— ASSIGNED TASK —
An exact transcription of all the data is required; the pictures are to be left out.

— RECORDED INFORMATION —
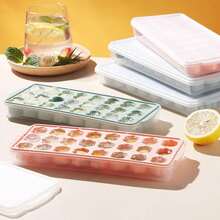 1 Piece Of Pink 21 Grid Ice Cube Mold, Creative Heart-Shaped Ice Cube Ice Making Mold, Household Soft Silicone Ice Storage Box - Pink - View 5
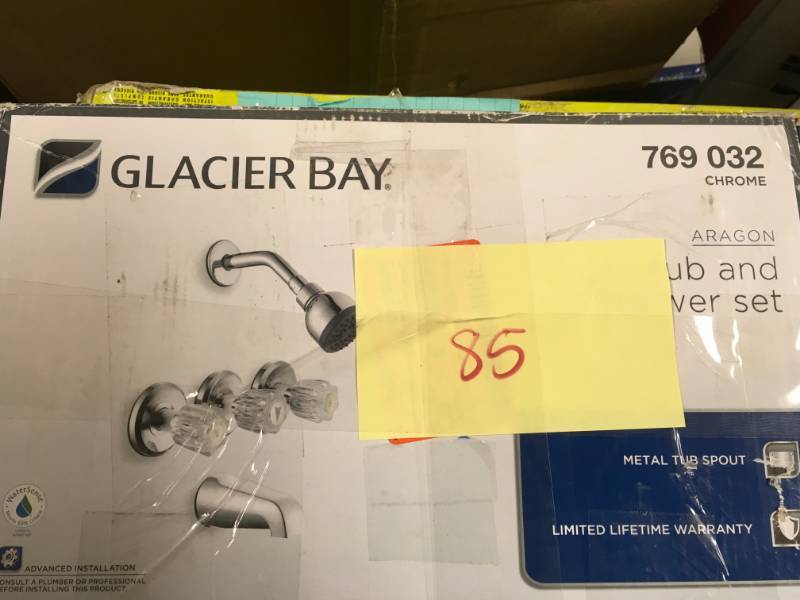 lot 85 image: Glacier Bay Aragon 3-Handle 1-Spray Tub and Shower Faucet in Chrome (Valve Included) in good condition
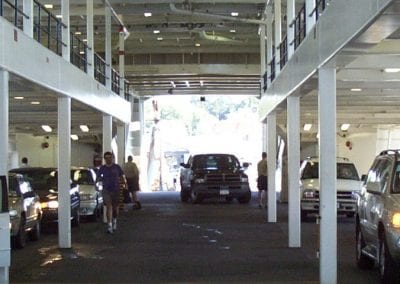 The car deck of the PT Barnum while cars are entering from Port Jefferson.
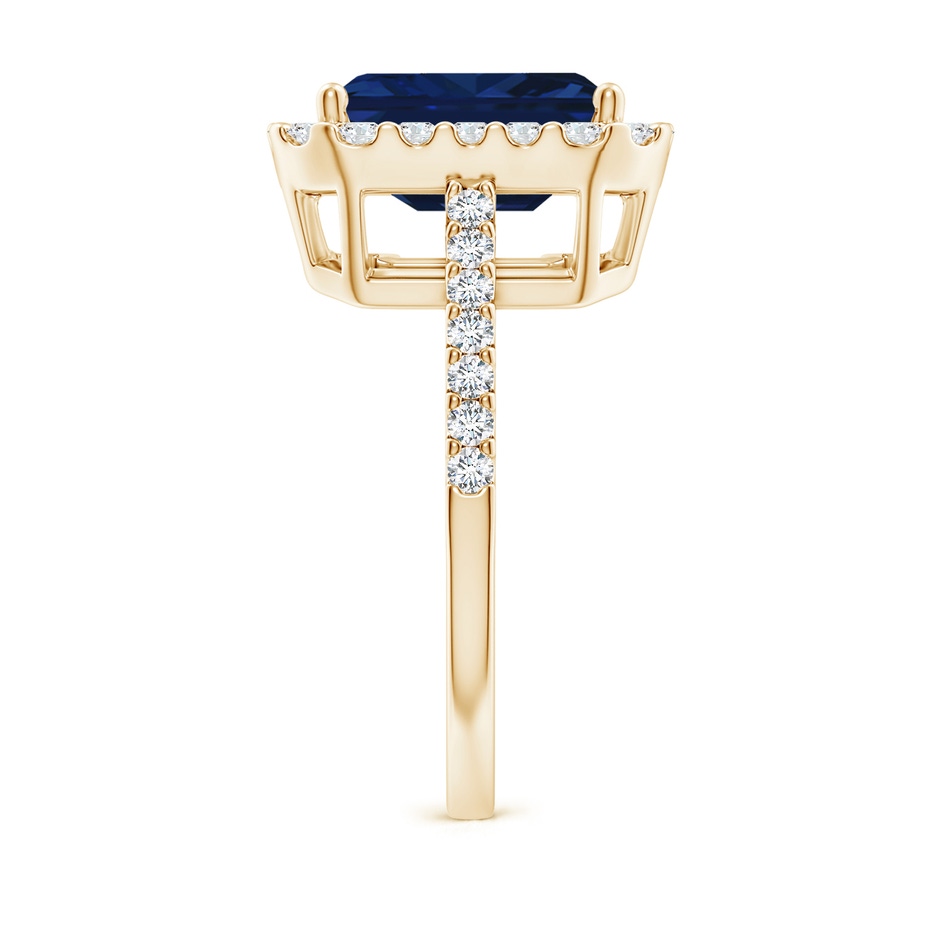10x8mm AAA Emerald-Cut Blue Sapphire Halo Ring in Yellow Gold side 299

— PROBLEM SOLUTION —
 1 Piece Of Pink 21 Grid Ice Cube Mold, Creative Heart-Shaped Ice Cube Ice Making Mold, Household Soft Silicone Ice Storage Box - Pink - View 5
 lot 85 image: Glacier Bay Aragon 3-Handle 1-Spray Tub and Shower Faucet in Chrome (Valve Included) in good condition
 The car deck of the PT Barnum while cars are entering from Port Jefferson.
10x8mm AAA Emerald-Cut Blue Sapphire Halo Ring in Yellow Gold side 299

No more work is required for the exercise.